A urn $A$ contains $3$ green balls and $2$ black, a urn $B$ contains $4$ green and $1$ red. Each ball has the same probability to be chosen.
If we draw one ball from each urn, what are the probabilities:
- to obtain a green ball from $A$ AND from $B$
- to obtain a green ball only from $A$ OR only from $B$
- to obtain a black ball from $A$ OR red from $B$
- to obtain at least one green ball
This is what I got:
(1) $$P(1G \cap 2G) = P(1G) P(2G) = \frac{3}{5}\frac{4}{5} = \frac{12}{25}$$
(2) $$P(\text{"only 1G" } \cup \text{ "only 2G"}) = P(1G)P(\overline{2G}) + P(\overline{1G})P(2G) = \frac{3}{5}\frac{1}{5} + \frac{2}{5}\frac{4}{5} = \frac{11}{25}$$ (incompatible events)
(3) $$P(1B \cup 2R) = P(1B) + P(2R) - P(1B)P(2R) = \frac{2}{5} + \frac{1}{4} - \frac{2}{5}\frac{1}{4} = \frac{11}{20}$$ (compatible events)

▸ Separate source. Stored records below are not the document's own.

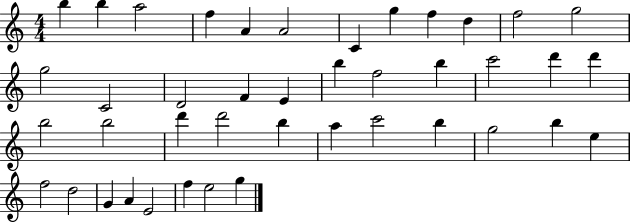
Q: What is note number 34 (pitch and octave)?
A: E5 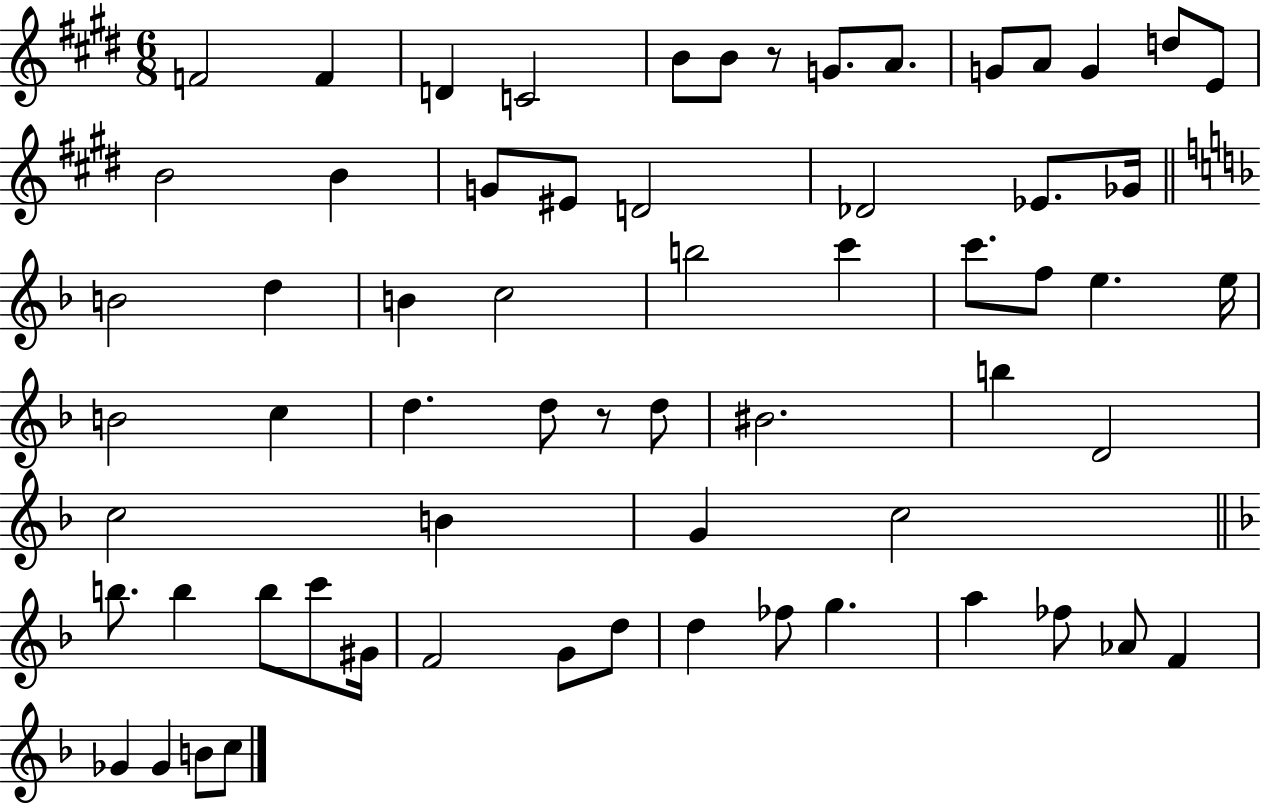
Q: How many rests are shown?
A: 2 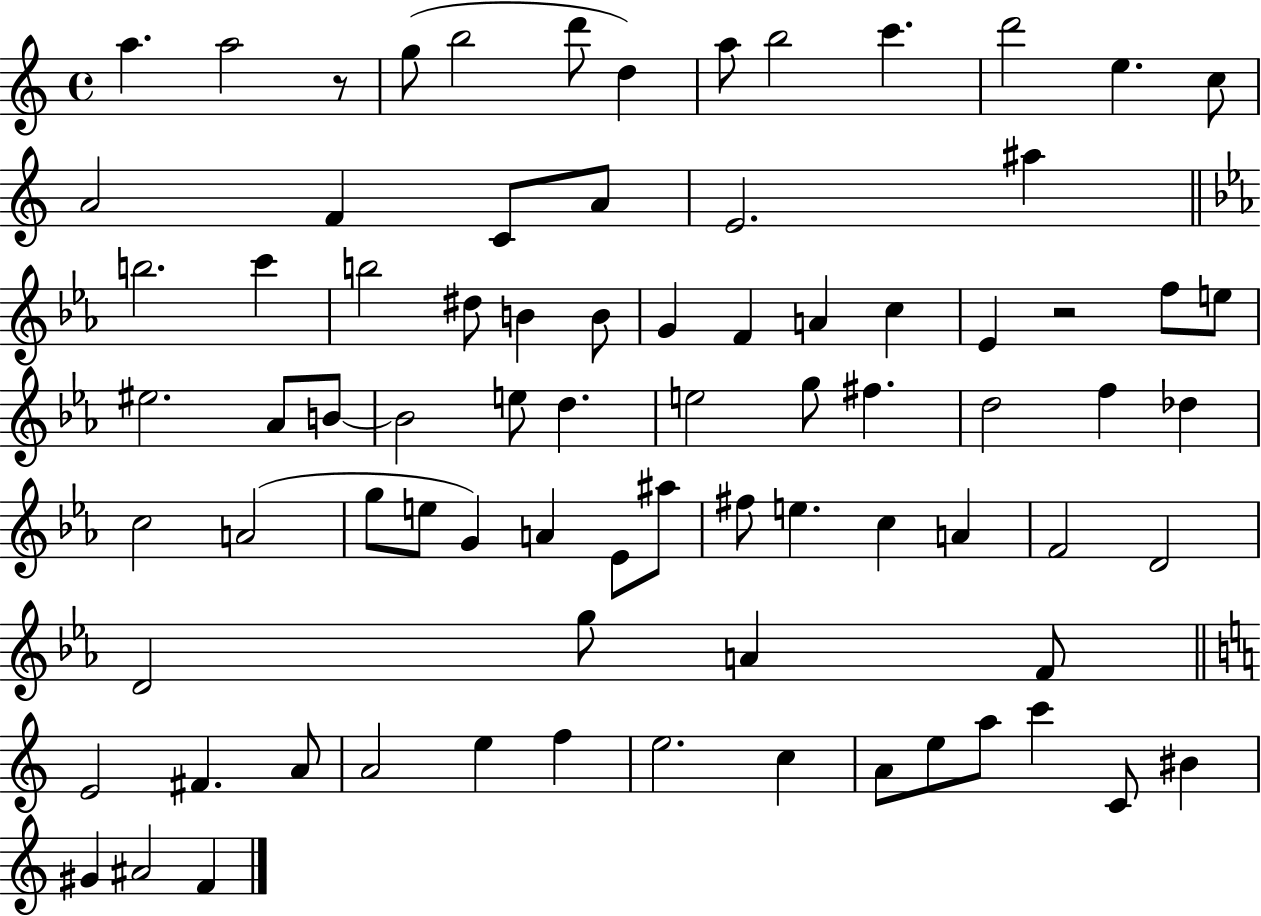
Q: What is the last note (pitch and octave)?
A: F4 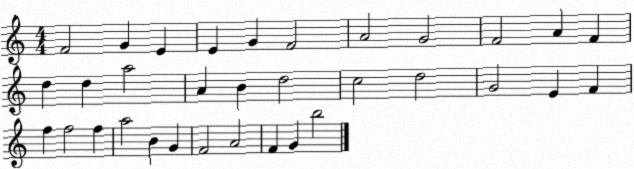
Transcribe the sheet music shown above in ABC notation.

X:1
T:Untitled
M:4/4
L:1/4
K:C
F2 G E E G F2 A2 G2 F2 A F d d a2 A B d2 c2 d2 G2 E F f f2 f a2 B G F2 A2 F G b2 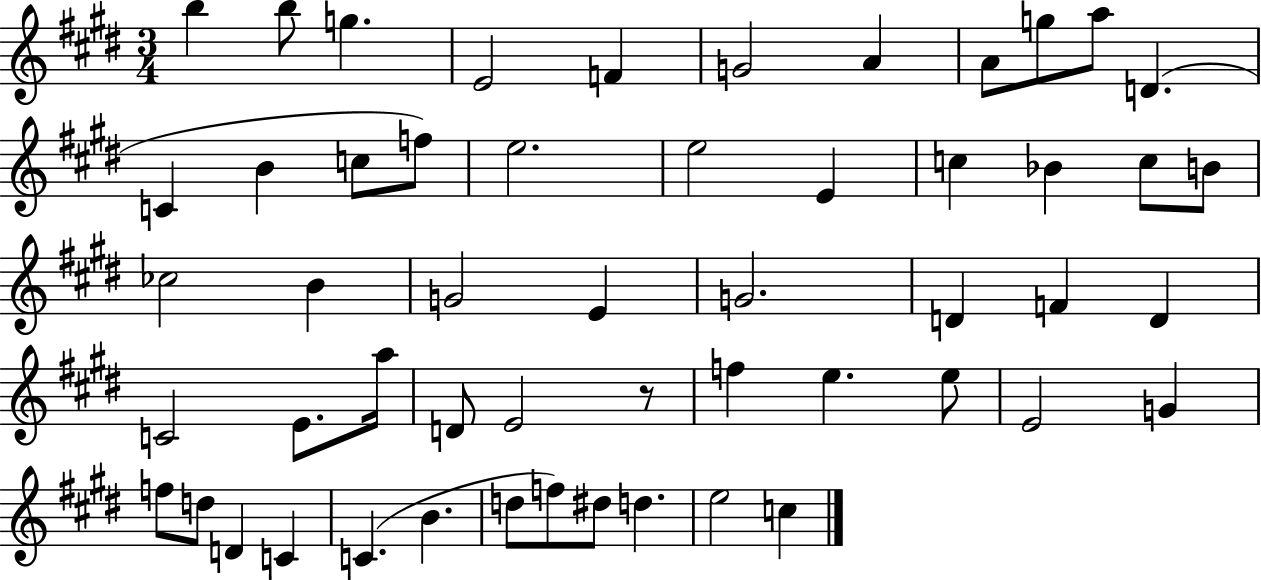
B5/q B5/e G5/q. E4/h F4/q G4/h A4/q A4/e G5/e A5/e D4/q. C4/q B4/q C5/e F5/e E5/h. E5/h E4/q C5/q Bb4/q C5/e B4/e CES5/h B4/q G4/h E4/q G4/h. D4/q F4/q D4/q C4/h E4/e. A5/s D4/e E4/h R/e F5/q E5/q. E5/e E4/h G4/q F5/e D5/e D4/q C4/q C4/q. B4/q. D5/e F5/e D#5/e D5/q. E5/h C5/q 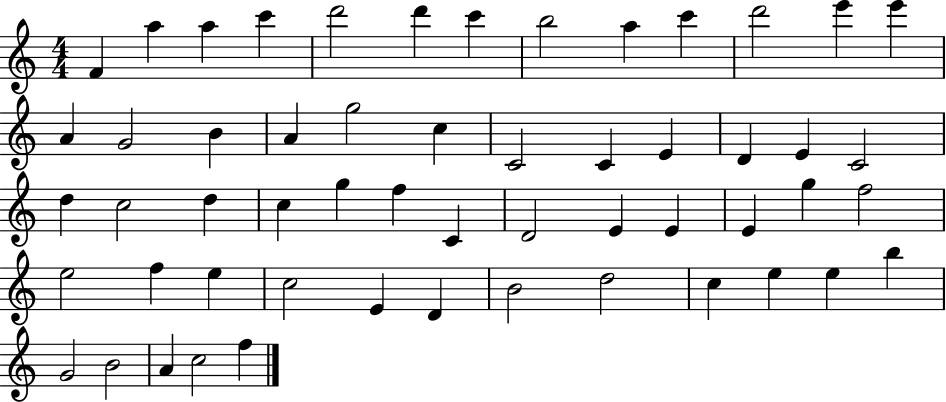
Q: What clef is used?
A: treble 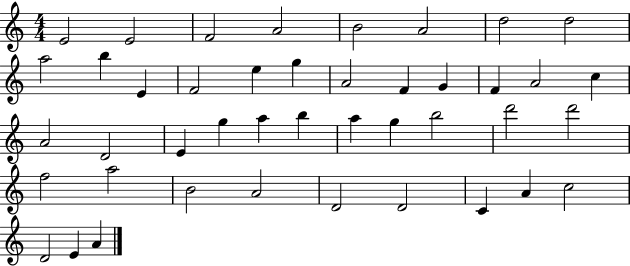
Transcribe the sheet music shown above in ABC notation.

X:1
T:Untitled
M:4/4
L:1/4
K:C
E2 E2 F2 A2 B2 A2 d2 d2 a2 b E F2 e g A2 F G F A2 c A2 D2 E g a b a g b2 d'2 d'2 f2 a2 B2 A2 D2 D2 C A c2 D2 E A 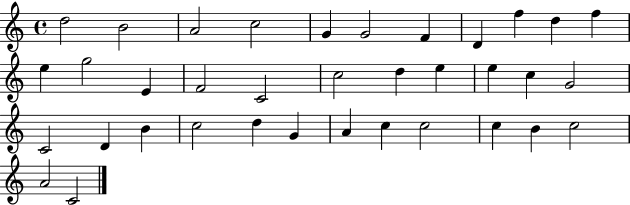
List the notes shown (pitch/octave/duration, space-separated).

D5/h B4/h A4/h C5/h G4/q G4/h F4/q D4/q F5/q D5/q F5/q E5/q G5/h E4/q F4/h C4/h C5/h D5/q E5/q E5/q C5/q G4/h C4/h D4/q B4/q C5/h D5/q G4/q A4/q C5/q C5/h C5/q B4/q C5/h A4/h C4/h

(4) $$P(\text{"at least one green"}) = P(1G \cap 2G) + P(\text{"only 1G" } \cup \text{ "only 2G"}) = \frac{12}{25} + \frac{11}{25} = \frac{23}{25}$$
where $1G$ denotes the event "ball drawn from urn $A$ is green" and $\overline{1G}$ its negation.
Are these corrects ?
(1) and (2) are okay.
(3) should be $$\frac25+\frac15-\frac25\frac15=\frac{13}{25}$$
(4) is correct but there is a more efficient way: $1$ minus the probability that no green balls are drawn. $$1-\frac25\frac15=\frac{23}{25}$$